A neutral and supportive conversation with your DP's sister would be to ask if she's found the reddit "r/ftm", especially the many posts there about the effects of testosterone - you yourself should have a good read, if you haven't already. Then you can express that you are concerned for her (your SiL) as you know she's got to be prepared to see her beloved (presumably!) daughter change (get acne, put on weight, grow a beard and learn how to manage an atrophied vagina and an enlarged clitoris). And you can see that this may well be very hard for her.
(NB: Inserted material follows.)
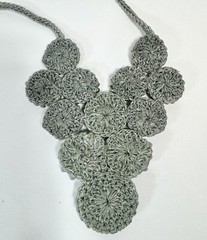 Artisan Necklace Beaded Disc Bib Crochet Sewn Beads Boho Cottagecore Handmade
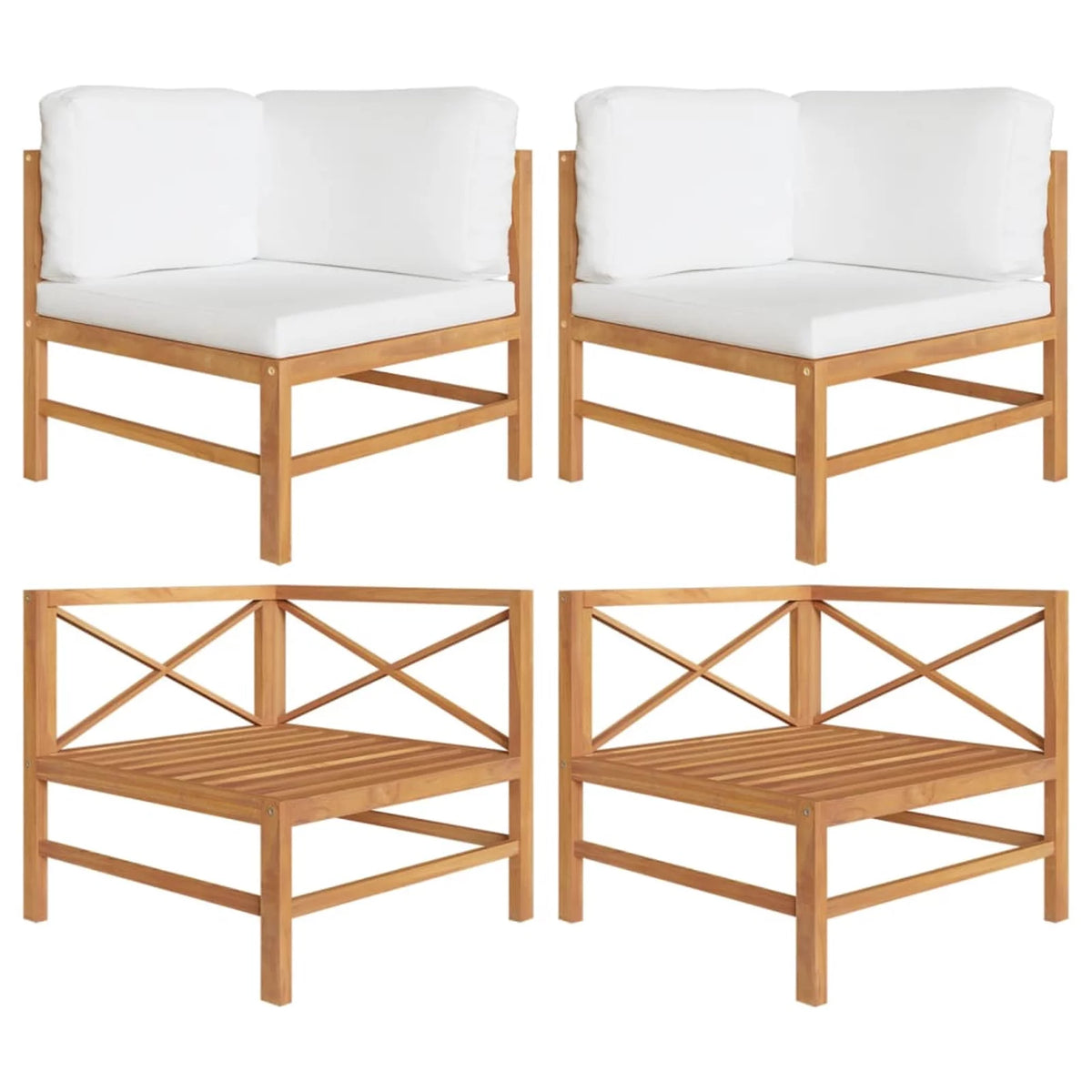 2 pcs Solid Teak Wood Corner Sofas with Cushions Q88403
And make sure you drop into your message/conversation that you've learnt which of the effects are not reversible (find out, if you haven't already). If DP's sister hasn't yet done her research, it'll be one hell of an eye-opener. It's up to her to talk to her daughter about whether they're fully informed about the reality. Reddit "r/ftm" is first-hand experiences, not a medical website couching everything in neutral language. The posters thereon are talking about their struggles. DP should be sat down to read it too. The family ought to know the intimate bodily details of how hard this is going to be. No-one can turn on you or badmouth you for suggesting consulting an F-to-M resource!

Should have said, if you're not familiar with reddit, once you're into r/ftm, type "testosterone" into the search bar.